Elizabeth Innocenti read the words in her grandmother’s elegant, spare hand. She had pulled the familiar, cream-colored envelope with the American postage stamp from the stack of mail that sat unread on her desk. It had been nearly a year since her husband, Antonio, had succumbed to the neurodegenerative disease that had first robbed him of his mobility and finally his life. But for Elizabeth, it could have been an hour for the sharp pain that still knifed through her when she woke every morning to the emptiness in her bed, the sheets on his side tight and flat, the pillow without his scent.
She was a widow at thirty-six, alone now with her child and her in-laws, whose loss of their only son reverberated without consolation throughout the villa in the hills above Florence where they lived together. When her mother-in-law, Adriana Innocenti, wasn’t keening in grief, her wails cast out like a forlorn shepherdess seeking an echo, Adriana’s deep-set eyes, rimmed in the blue-black smudge of insomnia, stared accusingly at Elizabeth for being alive.
Ever since she had first come to Italy to create the independent project that her progressive New England college required of its students to complete their degrees, Elizabeth had struggled to find acceptance in Adriana’s eyes. A passionate student of history and media arts, she was determined to follow in the footsteps of her idol, Ken Burns, and become a documentary film maker.

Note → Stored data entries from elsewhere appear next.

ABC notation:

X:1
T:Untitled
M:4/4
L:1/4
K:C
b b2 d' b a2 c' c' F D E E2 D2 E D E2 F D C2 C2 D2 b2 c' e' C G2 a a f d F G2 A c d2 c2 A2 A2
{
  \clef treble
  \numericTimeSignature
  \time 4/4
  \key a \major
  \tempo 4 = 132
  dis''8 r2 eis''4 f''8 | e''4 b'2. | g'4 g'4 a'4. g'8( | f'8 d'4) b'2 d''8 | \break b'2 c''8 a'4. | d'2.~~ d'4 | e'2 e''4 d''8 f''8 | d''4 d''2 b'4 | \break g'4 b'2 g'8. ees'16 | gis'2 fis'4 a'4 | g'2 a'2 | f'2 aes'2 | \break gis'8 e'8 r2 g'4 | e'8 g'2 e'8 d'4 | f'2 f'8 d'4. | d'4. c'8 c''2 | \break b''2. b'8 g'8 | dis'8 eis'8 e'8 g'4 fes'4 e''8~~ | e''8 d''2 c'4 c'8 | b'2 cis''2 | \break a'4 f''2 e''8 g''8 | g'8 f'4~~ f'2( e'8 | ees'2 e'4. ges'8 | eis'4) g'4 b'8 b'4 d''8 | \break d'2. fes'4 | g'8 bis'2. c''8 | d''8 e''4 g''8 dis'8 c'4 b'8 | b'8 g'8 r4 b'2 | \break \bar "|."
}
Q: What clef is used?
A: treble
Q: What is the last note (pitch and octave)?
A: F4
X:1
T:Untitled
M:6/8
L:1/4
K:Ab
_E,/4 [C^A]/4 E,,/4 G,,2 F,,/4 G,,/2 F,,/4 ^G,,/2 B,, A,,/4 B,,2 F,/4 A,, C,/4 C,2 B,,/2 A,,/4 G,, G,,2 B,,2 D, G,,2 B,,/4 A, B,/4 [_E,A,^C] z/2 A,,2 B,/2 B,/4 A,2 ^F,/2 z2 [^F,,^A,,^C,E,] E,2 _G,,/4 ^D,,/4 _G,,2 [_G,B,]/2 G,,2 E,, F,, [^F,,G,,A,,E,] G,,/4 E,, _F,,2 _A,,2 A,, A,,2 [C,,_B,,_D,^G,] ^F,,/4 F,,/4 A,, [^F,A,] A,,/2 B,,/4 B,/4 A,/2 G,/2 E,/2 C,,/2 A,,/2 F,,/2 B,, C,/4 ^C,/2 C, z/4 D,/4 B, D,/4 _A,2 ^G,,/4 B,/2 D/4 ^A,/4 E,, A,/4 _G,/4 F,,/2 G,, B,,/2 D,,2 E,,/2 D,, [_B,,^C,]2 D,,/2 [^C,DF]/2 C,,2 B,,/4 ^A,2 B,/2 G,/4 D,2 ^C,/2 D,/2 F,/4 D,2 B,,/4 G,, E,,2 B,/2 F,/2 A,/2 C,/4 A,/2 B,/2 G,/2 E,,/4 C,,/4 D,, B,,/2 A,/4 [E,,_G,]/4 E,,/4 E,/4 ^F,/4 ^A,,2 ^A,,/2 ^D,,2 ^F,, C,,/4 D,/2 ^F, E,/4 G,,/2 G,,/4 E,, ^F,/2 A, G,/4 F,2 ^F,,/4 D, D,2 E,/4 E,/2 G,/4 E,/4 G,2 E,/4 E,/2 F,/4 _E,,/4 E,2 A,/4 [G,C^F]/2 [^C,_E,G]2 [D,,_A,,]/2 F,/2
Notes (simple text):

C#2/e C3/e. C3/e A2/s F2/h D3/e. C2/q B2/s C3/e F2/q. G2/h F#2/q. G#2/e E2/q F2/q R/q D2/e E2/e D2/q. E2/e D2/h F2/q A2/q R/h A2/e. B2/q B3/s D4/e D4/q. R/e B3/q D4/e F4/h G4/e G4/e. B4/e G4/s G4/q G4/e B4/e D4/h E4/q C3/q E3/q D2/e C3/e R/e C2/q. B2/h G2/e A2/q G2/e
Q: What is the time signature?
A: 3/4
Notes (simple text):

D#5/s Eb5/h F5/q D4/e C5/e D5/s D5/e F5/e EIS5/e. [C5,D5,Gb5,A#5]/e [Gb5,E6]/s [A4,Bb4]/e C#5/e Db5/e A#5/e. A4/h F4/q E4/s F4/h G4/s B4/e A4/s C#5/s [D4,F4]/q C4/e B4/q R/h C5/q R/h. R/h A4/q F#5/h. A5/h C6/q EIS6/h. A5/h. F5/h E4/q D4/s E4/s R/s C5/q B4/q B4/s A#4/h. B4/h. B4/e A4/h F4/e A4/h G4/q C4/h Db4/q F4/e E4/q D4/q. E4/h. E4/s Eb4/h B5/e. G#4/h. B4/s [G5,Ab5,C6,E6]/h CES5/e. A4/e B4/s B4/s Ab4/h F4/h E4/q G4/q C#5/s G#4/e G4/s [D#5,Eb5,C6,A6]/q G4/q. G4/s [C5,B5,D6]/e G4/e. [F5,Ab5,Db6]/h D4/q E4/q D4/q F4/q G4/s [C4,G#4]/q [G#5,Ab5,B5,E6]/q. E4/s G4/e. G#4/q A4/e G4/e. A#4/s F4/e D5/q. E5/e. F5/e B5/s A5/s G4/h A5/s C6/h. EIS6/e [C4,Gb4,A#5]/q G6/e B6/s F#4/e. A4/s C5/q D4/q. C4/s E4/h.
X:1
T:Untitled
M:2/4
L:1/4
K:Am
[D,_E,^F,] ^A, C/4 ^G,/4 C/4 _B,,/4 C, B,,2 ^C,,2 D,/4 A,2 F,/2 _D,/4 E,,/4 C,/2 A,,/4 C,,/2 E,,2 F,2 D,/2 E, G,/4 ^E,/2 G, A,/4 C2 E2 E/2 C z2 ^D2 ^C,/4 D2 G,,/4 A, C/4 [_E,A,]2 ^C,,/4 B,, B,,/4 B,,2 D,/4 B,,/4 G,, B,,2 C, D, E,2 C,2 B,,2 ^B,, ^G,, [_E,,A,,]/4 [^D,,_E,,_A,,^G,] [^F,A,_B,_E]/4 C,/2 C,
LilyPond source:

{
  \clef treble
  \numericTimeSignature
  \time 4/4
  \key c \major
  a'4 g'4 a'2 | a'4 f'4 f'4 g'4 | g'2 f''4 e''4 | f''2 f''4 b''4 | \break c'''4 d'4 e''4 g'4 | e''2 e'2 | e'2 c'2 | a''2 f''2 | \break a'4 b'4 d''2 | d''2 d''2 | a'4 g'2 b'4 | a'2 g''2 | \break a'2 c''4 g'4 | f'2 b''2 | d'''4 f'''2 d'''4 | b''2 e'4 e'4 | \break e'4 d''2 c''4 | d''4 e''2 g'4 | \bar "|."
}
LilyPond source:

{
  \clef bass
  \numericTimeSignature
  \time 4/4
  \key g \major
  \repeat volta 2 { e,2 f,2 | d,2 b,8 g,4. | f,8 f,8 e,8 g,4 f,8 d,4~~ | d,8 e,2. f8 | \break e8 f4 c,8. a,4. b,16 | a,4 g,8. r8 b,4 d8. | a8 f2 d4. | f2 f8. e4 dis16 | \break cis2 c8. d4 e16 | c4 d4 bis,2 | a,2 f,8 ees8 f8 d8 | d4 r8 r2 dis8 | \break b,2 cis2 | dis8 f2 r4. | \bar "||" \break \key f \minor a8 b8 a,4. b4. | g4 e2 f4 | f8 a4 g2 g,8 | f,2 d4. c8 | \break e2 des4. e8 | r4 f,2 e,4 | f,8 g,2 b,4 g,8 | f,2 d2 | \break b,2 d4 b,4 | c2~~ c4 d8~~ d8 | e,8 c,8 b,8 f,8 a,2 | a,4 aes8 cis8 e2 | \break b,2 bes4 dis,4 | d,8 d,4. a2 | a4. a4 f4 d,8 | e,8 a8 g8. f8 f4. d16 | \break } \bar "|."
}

She never anticipated that she would fall in love, either with Italy or with Antonio. She had arrived in Florence with a longing for something different and unknown, and so had been open to whatever it offered: quiet afternoons in a Uffizi gallery mesmerized by DaVinci’s Annunciation, or a brilliant morning in the Piazza del Duomo contemplating Ghiberti’s bronze doors on the Baptistery. She ate batter-fried zucchini flowers and spaghetti à la carbonara for the first time. She attended parties given by boys in silk shirts who drove Ferraris and lived in palazzos in the Oltrarno.
She met Antonio in the Laurentian Library, where they were both doing research; he for his thesis as a law student and she for the film she was planning that explored the effects of Savonarola’s reign on the lives of Florentine women. Antonio, serious and contemplative, had seemed to be immersed in the ancient texts stacked around him on the table they shared without conversation for more than two weeks. A nod or an occasional “Buon giorno” was the extent of his acknowledgment of her existence. And then, one Thursday afternoon, as the discreet bell calling the monks of San Lorenzo to vespers reminded library patrons that it was time to take their leave, he unexpectedly invited her for a coffee.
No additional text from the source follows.